16 May: Tribute to Charles Perrault
Image Courtesy: Google Doodle
Charles Perrault (2 January 1628 – 16 May 1703) was an iconic French author and member of the Académie Française. In his 1697 book, Histoires ou contes du temps passé (Stories or Tales from Past Times), he laid the foundation for a new literary genre: the fairy tale. Among his most famous tales are Le Petit Chaperon Rouge (“Little Red Riding Hood”), Cendrillon (“Cinderella”), Le Maître chat ou le Chat botté (“Puss in Boots”), La Belle au bois dormant (“Sleeping Beauty”), and Barbe Bleue (“Bluebeard”).
Life and Career
Perrault was born on 12 January 1628 in Paris. In the footsteps of his father and elder brother, he attended very good schools and studied law before pursuing a career in government service.
In addition to being involved in the creation of the Academy of Sciences, he was also involved in the restoration of the Academy of Painting.
Despite spending most of his life at the court of Louis XIV, he did not begin writing his famous stories until he was in his late sixties, after having retired from court life.
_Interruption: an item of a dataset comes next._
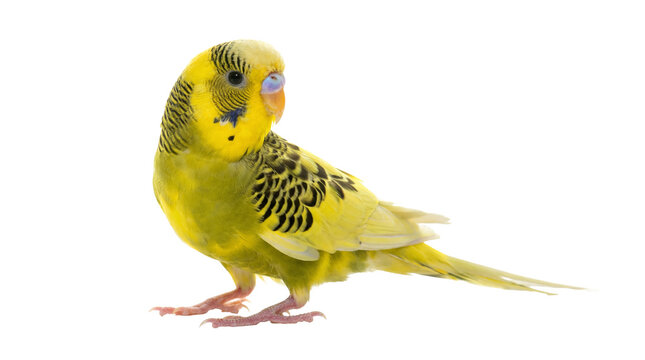 transparent png image of a yellow budgerigar parrot with a transparent background cutout.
It was Perrault’s stories that set the standard for modern fairy tales. In Perrault’s stories, the basic plots and the familiar opening “once upon a time” (il était une fois) are borrowed from traditional stories told aloud, though they are modernized through the addition of fashionable embellishments and the very act of writing. Fairy tales have influenced contemporary novels and movies, making reading and watching them fundamentally optimistic endeavors: when we hear “once upon a time,” we expect-and eagerly await-a “happily ever after.”
At the age of 75, Charles Perrault passed away in Paris on 16 May 1703.
Award and Legacy
Charles Perrault is regarded as one of the greatest French authors of all time. Cinderella and The Sleeping Beauty are two of his most famous books, and he is known for various famous works. On 12 January 2016, Google Doodle celebrated Charles Perrault’s 388th Birthday.